**AIM OF THE TASK:** Print every entry again exactly, with no pictures.

==================================================

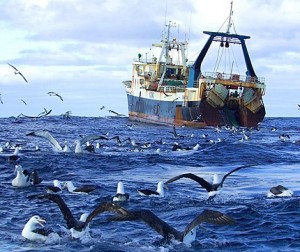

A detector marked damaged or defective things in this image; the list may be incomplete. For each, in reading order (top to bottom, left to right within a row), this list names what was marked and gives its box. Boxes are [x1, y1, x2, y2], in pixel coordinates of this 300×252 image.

rusty vessel [123, 4, 266, 128]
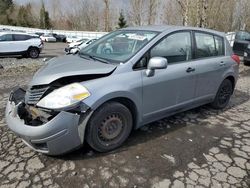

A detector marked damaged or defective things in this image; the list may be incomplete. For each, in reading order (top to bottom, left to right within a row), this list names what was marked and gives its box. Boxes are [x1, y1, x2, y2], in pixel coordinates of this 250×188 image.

front bumper damage [5, 87, 91, 155]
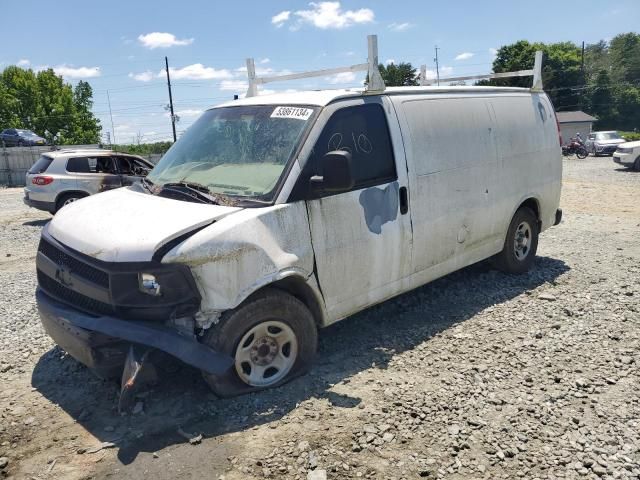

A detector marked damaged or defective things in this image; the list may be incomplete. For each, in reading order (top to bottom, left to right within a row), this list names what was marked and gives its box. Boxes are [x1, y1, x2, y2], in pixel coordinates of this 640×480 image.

damaged white van [36, 39, 560, 396]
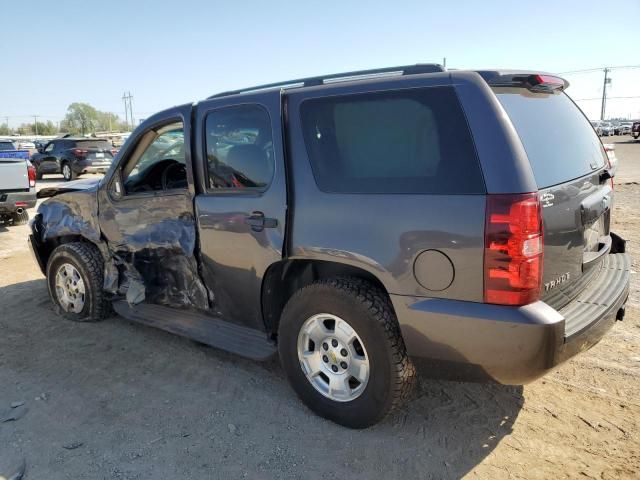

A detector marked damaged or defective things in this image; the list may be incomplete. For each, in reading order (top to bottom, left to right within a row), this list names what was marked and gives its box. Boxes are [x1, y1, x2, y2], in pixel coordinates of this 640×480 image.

damaged gray suv [30, 63, 632, 428]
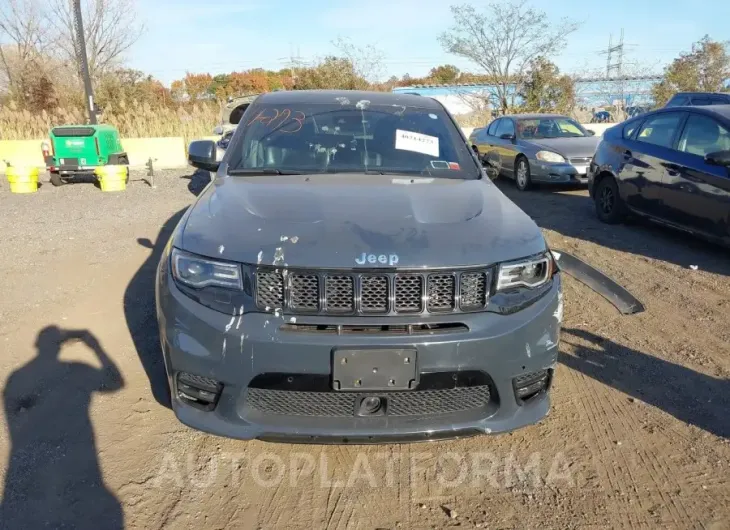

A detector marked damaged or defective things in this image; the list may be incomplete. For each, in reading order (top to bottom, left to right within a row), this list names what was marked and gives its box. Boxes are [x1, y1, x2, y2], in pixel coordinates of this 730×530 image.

dented hood [179, 174, 544, 268]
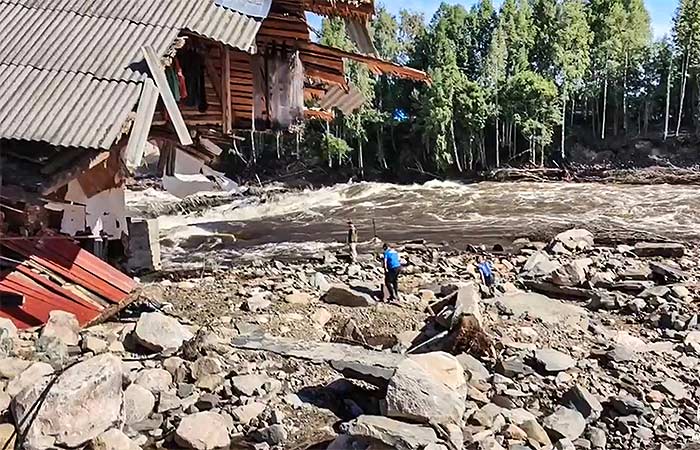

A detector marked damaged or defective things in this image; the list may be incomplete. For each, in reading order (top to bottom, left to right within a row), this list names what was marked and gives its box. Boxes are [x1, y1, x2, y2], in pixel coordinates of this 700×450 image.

rusted metal roofing sheet [0, 64, 142, 149]
rusted metal roofing sheet [0, 0, 262, 149]
broken wooden plank [125, 78, 161, 170]
broken wooden plank [142, 45, 193, 146]
rusted metal roofing sheet [320, 83, 370, 114]
rusted metal roofing sheet [0, 237, 138, 328]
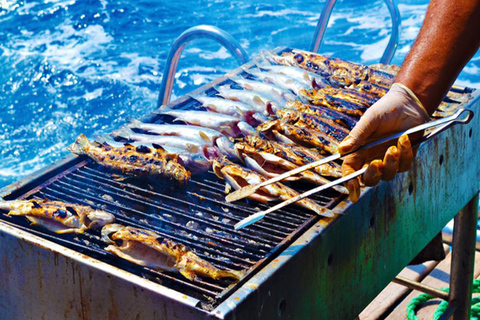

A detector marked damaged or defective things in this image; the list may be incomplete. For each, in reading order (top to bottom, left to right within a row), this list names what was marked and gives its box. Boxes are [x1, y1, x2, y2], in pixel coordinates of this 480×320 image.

rusty metal surface [213, 90, 480, 320]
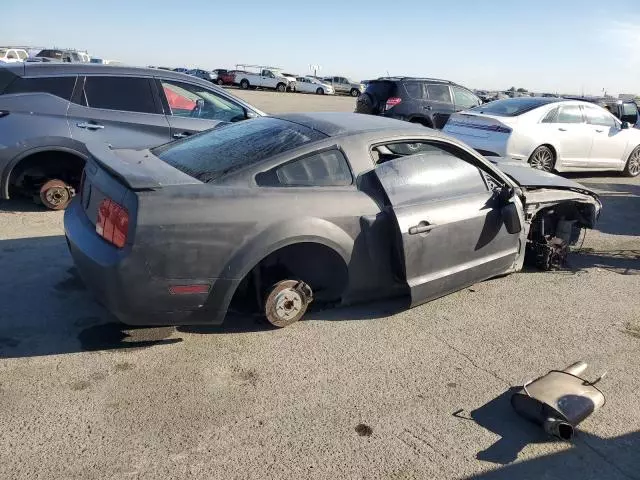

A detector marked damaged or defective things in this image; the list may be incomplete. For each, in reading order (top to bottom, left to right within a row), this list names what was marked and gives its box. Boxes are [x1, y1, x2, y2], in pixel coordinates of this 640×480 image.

damaged gray mustang [65, 114, 600, 328]
damaged front end [524, 187, 604, 270]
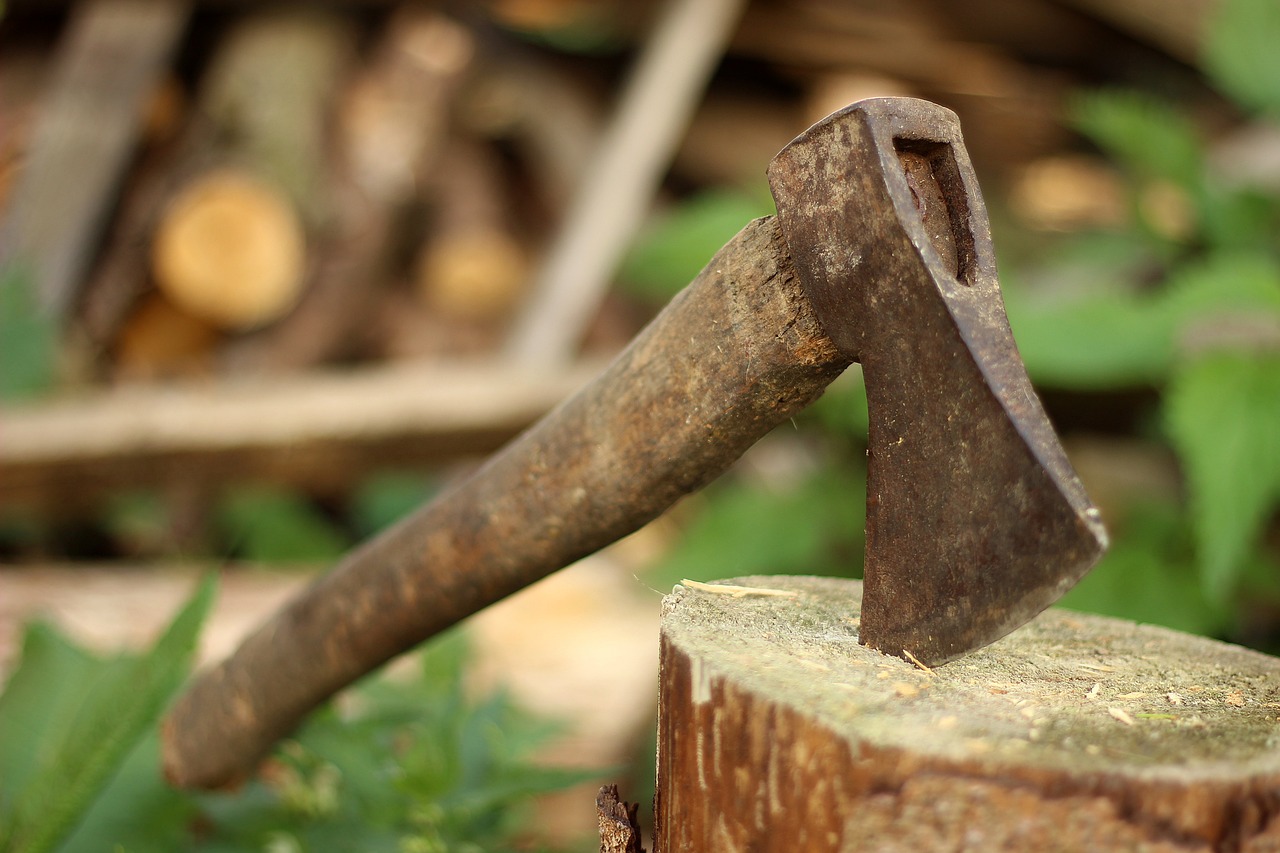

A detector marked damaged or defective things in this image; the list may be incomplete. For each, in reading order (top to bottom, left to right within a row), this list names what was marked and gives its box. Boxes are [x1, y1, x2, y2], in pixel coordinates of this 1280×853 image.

rusty axe head [768, 96, 1111, 660]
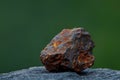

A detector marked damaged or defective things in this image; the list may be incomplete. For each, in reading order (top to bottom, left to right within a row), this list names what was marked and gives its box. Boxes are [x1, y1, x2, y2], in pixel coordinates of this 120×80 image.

rusty iron ore [40, 27, 94, 73]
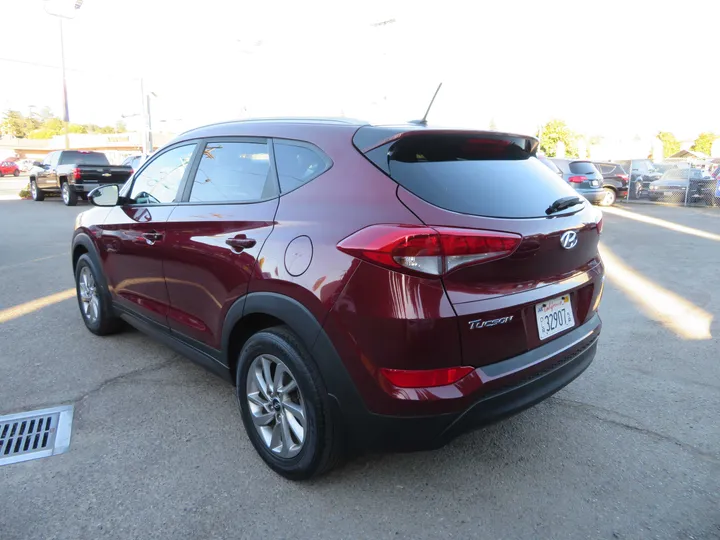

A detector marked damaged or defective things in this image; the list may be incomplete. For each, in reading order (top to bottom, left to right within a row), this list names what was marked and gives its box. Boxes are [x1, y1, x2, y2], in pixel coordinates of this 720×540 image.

cracked pavement [0, 199, 716, 540]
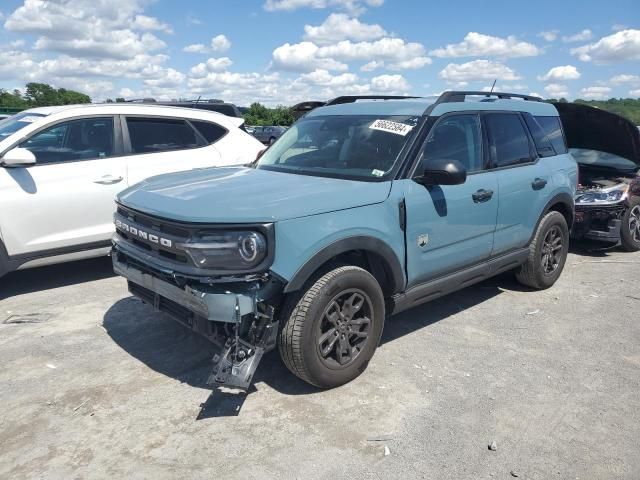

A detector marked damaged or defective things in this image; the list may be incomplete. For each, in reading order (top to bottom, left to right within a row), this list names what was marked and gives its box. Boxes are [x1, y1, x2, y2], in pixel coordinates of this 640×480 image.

crumpled hood [556, 101, 640, 171]
crumpled hood [117, 167, 392, 223]
damaged red car [556, 102, 640, 251]
damaged front bumper [572, 202, 624, 244]
damaged front bumper [111, 246, 282, 388]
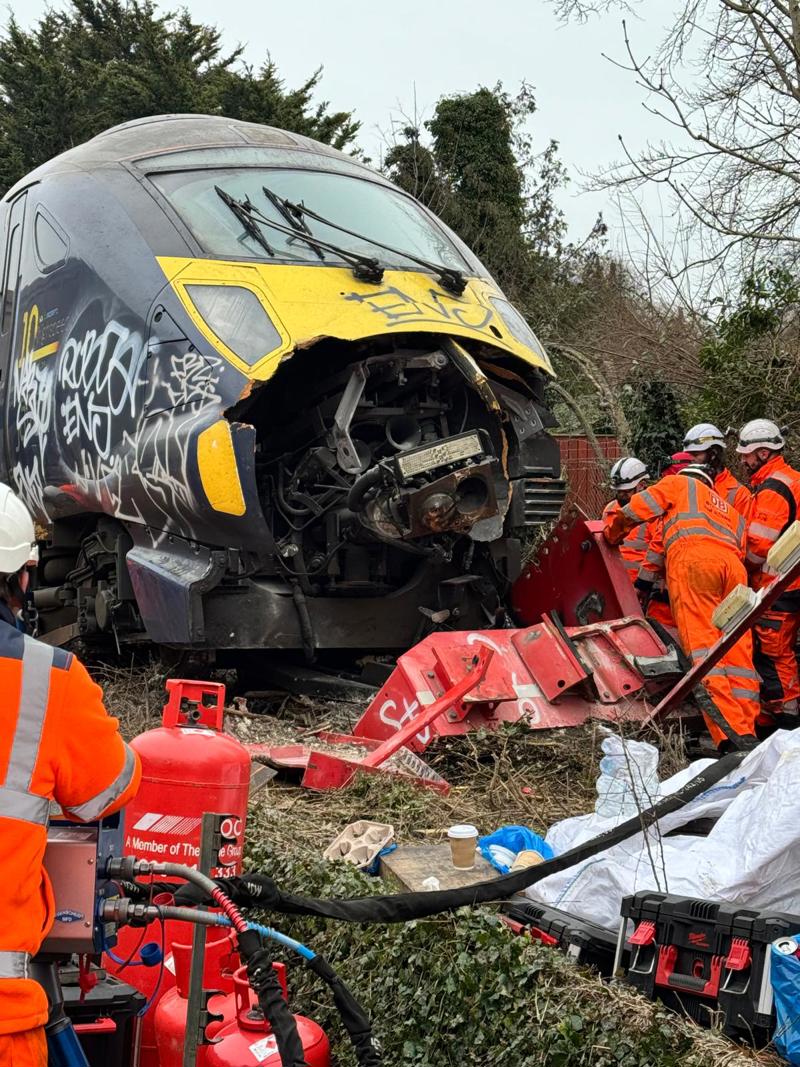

==================================================

**RESULT OF THIS EXERCISE:**
A detector marked damaged or defective things in this image; the list may be incomplete. For each, in reading order (top to bottom, left to right within a row), this list names what was marked and gives its box. Boxes are [x1, y1, x2, y2], in pixel coordinates of this 300×252 image.

rusty vessel [123, 4, 266, 128]

A detector marked damaged or defective things in this image; the list may be incomplete. For each, in reading order (top to bottom, left to right within a row), this list names what was marked and gives its box. Boxes are [x1, y1, x2, y2], in pixel coordinates of this 250×188 image.

front bumper damage [5, 87, 91, 155]

A detector marked damaged or defective things in this image; the list may be incomplete. For each, in reading order (top to bottom, left to right within a row), this list names what was marked and gives its box. Boxes are [x1, y1, x2, y2], in pixel coordinates of this 640×480 image.

damaged white van [36, 39, 560, 396]

A detector marked damaged or defective things in this image; the list may be incomplete. For each, in reading order (top to bottom, left to right within a row), this list names what was marked and gives its box. Boxes are [x1, y1, x2, y2], in pixel coordinates of this 640×480 image.

damaged gray suv [30, 63, 632, 428]

A detector marked damaged or defective things in this image; the list may be incomplete. For each, in reading order (top to bottom, left to right within a row), this list names what was marked and gives its box. Boxes are [x1, y1, x2, y2], in pixel coordinates of this 730×530 image.

dented hood [179, 174, 544, 268]

A detector marked damaged or defective things in this image; the list may be incomplete. For each, in reading order (top to bottom, left to right within a row), this list names what was marked and gives its box. Boxes are [x1, y1, x2, y2], in pixel coordinates of this 700×450 image.

rusted metal roofing sheet [0, 64, 142, 149]
rusted metal roofing sheet [0, 0, 262, 149]
broken wooden plank [125, 78, 161, 170]
broken wooden plank [142, 45, 193, 146]
rusted metal roofing sheet [320, 83, 370, 114]
rusted metal roofing sheet [0, 237, 138, 328]

A detector marked damaged or defective things in this image; the list may be incomplete. For each, in reading order (top to bottom, left to right within a row), this list names what was marked and gives its box. Boxes are [x1, y1, x2, y2], in pixel coordinates of this 480×320 image.

rusty metal surface [213, 90, 480, 320]

A detector marked damaged or defective things in this image; the list may be incomplete. For each, in reading order (top to bottom, left to right within a row), this list names what was marked and gives its box. Boxes are [x1, y1, x2, y2], in pixel coordinates of this 640×480 image.

damaged gray mustang [65, 114, 600, 328]
damaged front end [524, 187, 604, 270]

A detector marked damaged or defective things in this image; the list may be incomplete. For each, in reading order (top to bottom, left to right within a row), this list names what was marked and gives its box. Boxes are [x1, y1, x2, y2], in pixel coordinates of this 1280×853 image.

rusty axe head [768, 96, 1111, 660]

A detector marked damaged or defective things in this image; the list may be incomplete. For each, in reading order (top to bottom, left to right within a row), this list names what was marked and gives its box. Boxes are [x1, y1, x2, y2], in pixel coordinates of this 120×80 image.

rusty iron ore [40, 27, 94, 73]

A detector marked damaged or defective things in this image; the list may be incomplete. For each, in reading order (top to bottom, left to right within a row), this list names what was marked and gives its box. Boxes are [x1, y1, x2, y2], in pixel coordinates of this 720×540 image.

cracked pavement [0, 199, 716, 540]

A detector marked damaged or defective things in this image; the list may be incomplete. For each, in reading order (top to bottom, left to right within a row), this list names what was marked and gives its box. Boxes are [x1, y1, x2, y2], in pixel coordinates of this 640×480 image.

crumpled hood [556, 101, 640, 171]
crumpled hood [117, 167, 392, 223]
damaged red car [556, 102, 640, 251]
damaged front bumper [572, 202, 624, 244]
damaged front bumper [111, 246, 282, 388]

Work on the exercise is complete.